## Your task
Write out the data exactly, every line included.

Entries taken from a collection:
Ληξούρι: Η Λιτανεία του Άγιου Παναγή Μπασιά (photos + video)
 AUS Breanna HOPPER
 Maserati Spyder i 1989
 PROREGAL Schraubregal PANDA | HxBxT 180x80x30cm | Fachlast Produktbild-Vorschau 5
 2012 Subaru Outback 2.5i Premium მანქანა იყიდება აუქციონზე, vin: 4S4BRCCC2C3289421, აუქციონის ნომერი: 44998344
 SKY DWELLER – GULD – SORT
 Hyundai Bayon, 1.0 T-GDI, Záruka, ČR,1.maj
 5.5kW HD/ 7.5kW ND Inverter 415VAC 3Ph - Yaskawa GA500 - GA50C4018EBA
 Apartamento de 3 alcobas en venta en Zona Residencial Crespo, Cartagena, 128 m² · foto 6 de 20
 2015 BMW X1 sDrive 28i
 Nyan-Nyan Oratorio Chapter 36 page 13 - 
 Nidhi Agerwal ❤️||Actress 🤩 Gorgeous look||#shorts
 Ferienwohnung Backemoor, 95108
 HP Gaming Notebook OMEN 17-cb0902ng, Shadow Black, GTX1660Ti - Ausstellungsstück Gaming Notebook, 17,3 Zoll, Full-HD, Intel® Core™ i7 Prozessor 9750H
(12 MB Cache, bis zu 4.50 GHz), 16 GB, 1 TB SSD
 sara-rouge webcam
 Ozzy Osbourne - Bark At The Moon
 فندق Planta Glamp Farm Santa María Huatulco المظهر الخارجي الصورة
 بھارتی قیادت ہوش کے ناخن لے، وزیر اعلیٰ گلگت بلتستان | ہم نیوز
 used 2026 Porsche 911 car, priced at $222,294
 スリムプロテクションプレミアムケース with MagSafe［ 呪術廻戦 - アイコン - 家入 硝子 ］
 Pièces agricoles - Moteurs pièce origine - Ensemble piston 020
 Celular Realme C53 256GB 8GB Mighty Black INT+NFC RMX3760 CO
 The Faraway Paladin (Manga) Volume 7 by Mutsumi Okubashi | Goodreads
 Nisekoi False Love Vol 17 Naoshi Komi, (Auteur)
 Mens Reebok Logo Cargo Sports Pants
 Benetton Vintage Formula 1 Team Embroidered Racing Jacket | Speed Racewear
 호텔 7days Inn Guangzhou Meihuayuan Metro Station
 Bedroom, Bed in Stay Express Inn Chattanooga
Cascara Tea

## Answer section
Ληξούρι: Η Λιτανεία του Άγιου Παναγή Μπασιά (photos + video)
 AUS Breanna HOPPER
 Maserati Spyder i 1989
 PROREGAL Schraubregal PANDA | HxBxT 180x80x30cm | Fachlast Produktbild-Vorschau 5
 2012 Subaru Outback 2.5i Premium მანქანა იყიდება აუქციონზე, vin: 4S4BRCCC2C3289421, აუქციონის ნომერი: 44998344
 SKY DWELLER – GULD – SORT
 Hyundai Bayon, 1.0 T-GDI, Záruka, ČR,1.maj
 5.5kW HD/ 7.5kW ND Inverter 415VAC 3Ph - Yaskawa GA500 - GA50C4018EBA
 Apartamento de 3 alcobas en venta en Zona Residencial Crespo, Cartagena, 128 m² · foto 6 de 20
 2015 BMW X1 sDrive 28i
 Nyan-Nyan Oratorio Chapter 36 page 13 - 
 Nidhi Agerwal ❤️||Actress 🤩 Gorgeous look||#shorts
 Ferienwohnung Backemoor, 95108
 HP Gaming Notebook OMEN 17-cb0902ng, Shadow Black, GTX1660Ti - Ausstellungsstück Gaming Notebook, 17,3 Zoll, Full-HD, Intel® Core™ i7 Prozessor 9750H
(12 MB Cache, bis zu 4.50 GHz), 16 GB, 1 TB SSD
 sara-rouge webcam
 Ozzy Osbourne - Bark At The Moon
 فندق Planta Glamp Farm Santa María Huatulco المظهر الخارجي الصورة
 بھارتی قیادت ہوش کے ناخن لے، وزیر اعلیٰ گلگت بلتستان | ہم نیوز
 used 2026 Porsche 911 car, priced at $222,294
 スリムプロテクションプレミアムケース with MagSafe［ 呪術廻戦 - アイコン - 家入 硝子 ］
 Pièces agricoles - Moteurs pièce origine - Ensemble piston 020
 Celular Realme C53 256GB 8GB Mighty Black INT+NFC RMX3760 CO
 The Faraway Paladin (Manga) Volume 7 by Mutsumi Okubashi | Goodreads
 Nisekoi False Love Vol 17 Naoshi Komi, (Auteur)
 Mens Reebok Logo Cargo Sports Pants
 Benetton Vintage Formula 1 Team Embroidered Racing Jacket | Speed Racewear
 호텔 7days Inn Guangzhou Meihuayuan Metro Station
 Bedroom, Bed in Stay Express Inn Chattanooga
Cascara Tea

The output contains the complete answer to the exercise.